It draws the curtain on an illustrious – and also controversy-hit – career after 14 seasons and Watson is hoping he can now enjoy trying to ensure the eight-placed Bombers play in the finals.

He will join one of the most illustrious retirement classes in recent memory with Luke Hodge, Nick Riewoldt, Matt Priddis, Matthew Boyd and Sam Mitchell – one of the recipients of the Brownlow medal he forfeited after the Bombers’ supplements scandal ban – all set to finish their careers at the end of this season.

Watson was one of 34 past and present Essendon players to serve a 12-month doping ban last year as a result of the club’s 2012 supplements scandal.

He was stripped of his 2012 Brownlow Medal, and the turmoil of the saga left him close to walking away from the game.

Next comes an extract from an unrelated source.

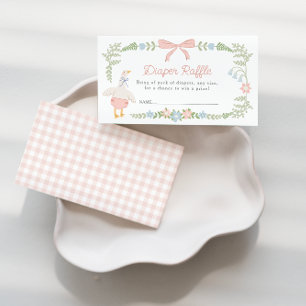 Silly Goose Floral Pink Bow Diaper Raffle Enclosure Card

But he returned and has been in solid, if not spectacular form, despite being increasingly asked to rotate between the midfield and forward line.

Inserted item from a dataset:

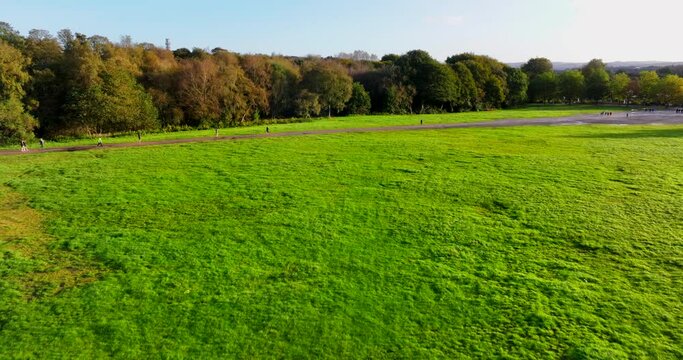 Manchester skyline filmed from Heaton Park in Prestwich early morning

He noticeably struggled during the Bombers’ win over Carlton on Saturday, finishing with just 11 disposals.

He said he would return to New York City, where he previously fled to escape the media spotlight, to continue working as a barista “at the cafe that was rated fourth-best brunch spot in New York”.

“It is called Hole in the Wall if anyone wants to know,” he said.

Watson acknowledged that the supplements scandal and its aftermath had affected his feelings about the game.

“There’s probably just hurt associated with it and when you get inflicted like that, with that sort of pain, then invariably the way you feel about something changes,” he said.

“The (Brownlow) medal didn’t really matter to me, it wasn’t important.

“I think the people whose opinion I value and who know me the best, they haven’t changed because I had to hand back the Brownlow Medal.”